Restate word for word the lines of the entries below, starting with the line that holds "Cardiac muscle, found" and ending with the line that holds "Welcome to my", and no others.

* **RECORDS SUPPLIED**:

--

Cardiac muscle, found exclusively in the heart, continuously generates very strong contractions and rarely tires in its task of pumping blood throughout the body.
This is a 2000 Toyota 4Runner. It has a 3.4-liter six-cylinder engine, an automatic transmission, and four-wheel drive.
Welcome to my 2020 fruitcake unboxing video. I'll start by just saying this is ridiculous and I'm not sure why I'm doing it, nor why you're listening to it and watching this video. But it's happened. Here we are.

--

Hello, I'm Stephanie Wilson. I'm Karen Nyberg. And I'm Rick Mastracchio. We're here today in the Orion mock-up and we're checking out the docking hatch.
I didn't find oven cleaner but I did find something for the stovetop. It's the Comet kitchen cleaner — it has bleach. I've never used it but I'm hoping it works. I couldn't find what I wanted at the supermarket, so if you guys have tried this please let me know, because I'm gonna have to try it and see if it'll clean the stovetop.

--

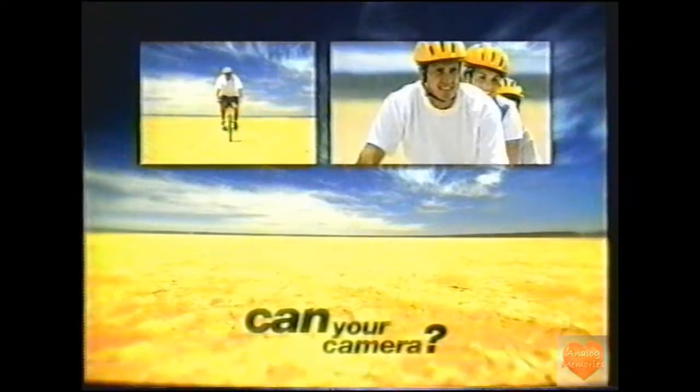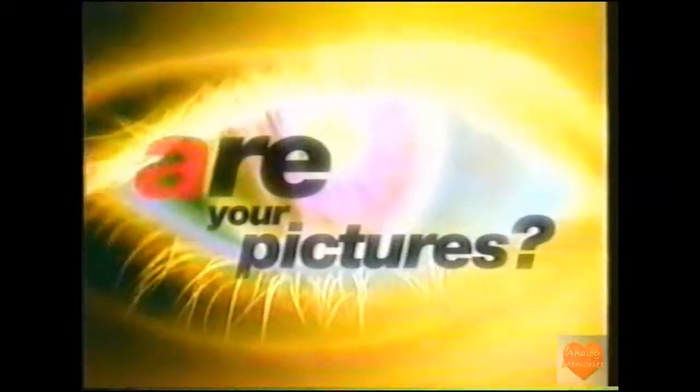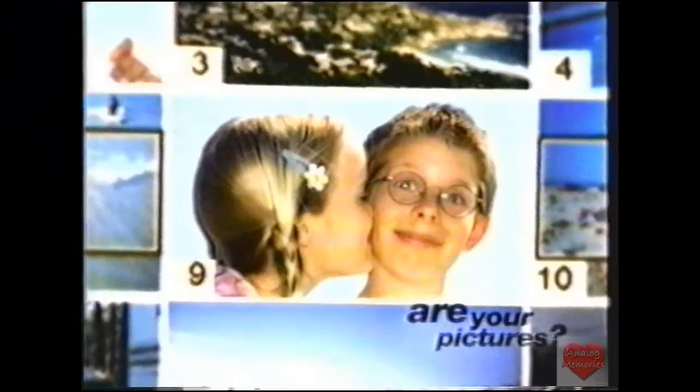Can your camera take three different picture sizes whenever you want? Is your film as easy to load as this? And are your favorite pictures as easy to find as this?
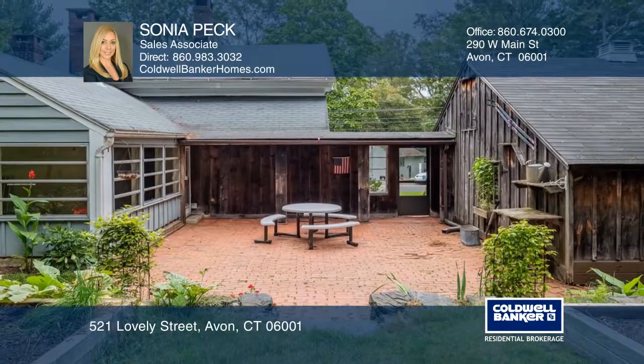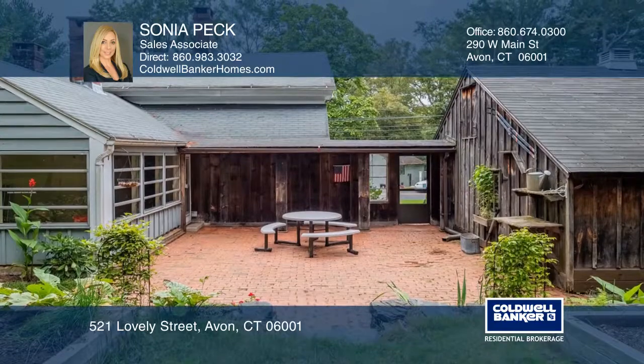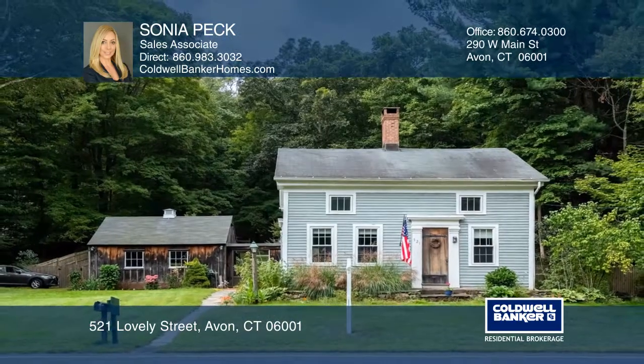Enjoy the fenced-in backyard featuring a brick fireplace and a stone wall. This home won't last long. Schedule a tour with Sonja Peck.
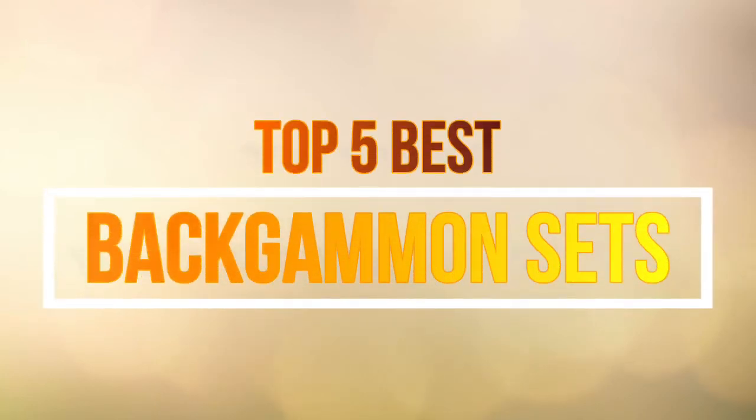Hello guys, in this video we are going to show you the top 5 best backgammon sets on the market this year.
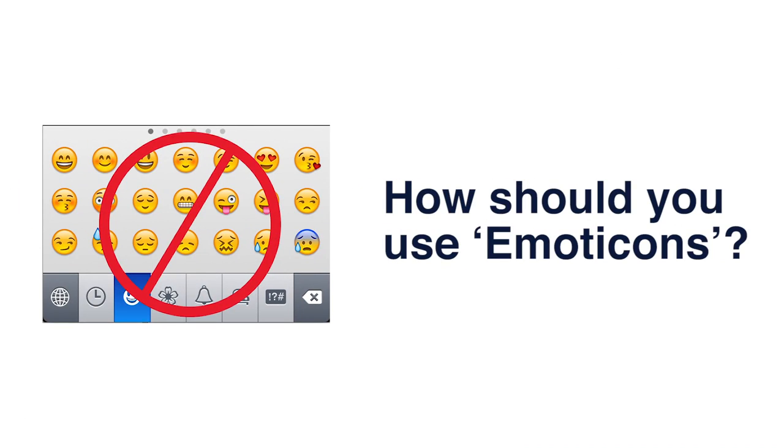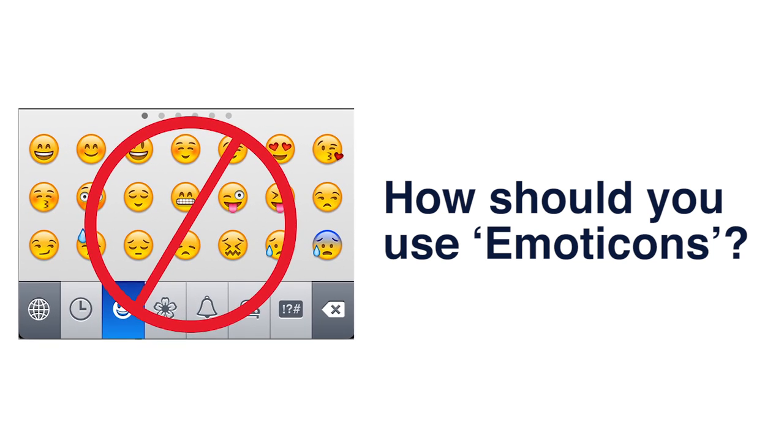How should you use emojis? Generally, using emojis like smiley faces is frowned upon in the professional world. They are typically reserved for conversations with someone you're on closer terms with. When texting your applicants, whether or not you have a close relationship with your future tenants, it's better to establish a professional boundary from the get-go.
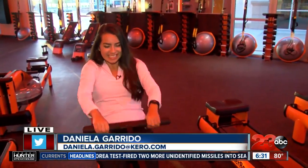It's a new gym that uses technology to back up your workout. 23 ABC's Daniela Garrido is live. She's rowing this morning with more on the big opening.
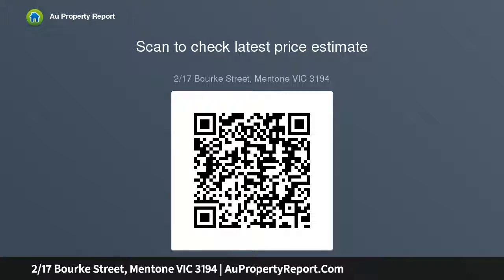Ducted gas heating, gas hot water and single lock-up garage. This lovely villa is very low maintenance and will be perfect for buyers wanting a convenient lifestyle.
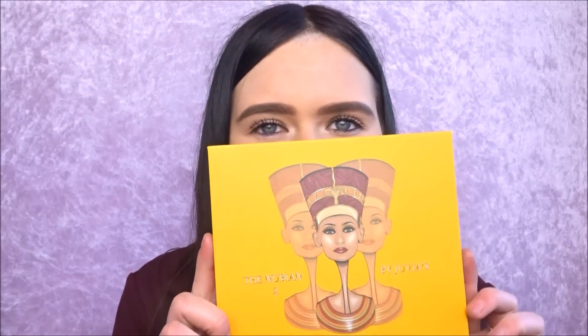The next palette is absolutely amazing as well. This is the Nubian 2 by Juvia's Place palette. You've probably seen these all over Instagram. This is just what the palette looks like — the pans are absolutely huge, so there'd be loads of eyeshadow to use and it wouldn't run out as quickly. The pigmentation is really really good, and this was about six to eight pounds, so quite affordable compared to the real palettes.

--

* **SOLUTION TO THIS EXERCISE**:
Cardiac muscle, found exclusively in the heart, continuously generates very strong contractions and rarely tires in its task of pumping blood throughout the body.
This is a 2000 Toyota 4Runner. It has a 3.4-liter six-cylinder engine, an automatic transmission, and four-wheel drive.
Welcome to my 2020 fruitcake unboxing video. I'll start by just saying this is ridiculous and I'm not sure why I'm doing it, nor why you're listening to it and watching this video. But it's happened. Here we are.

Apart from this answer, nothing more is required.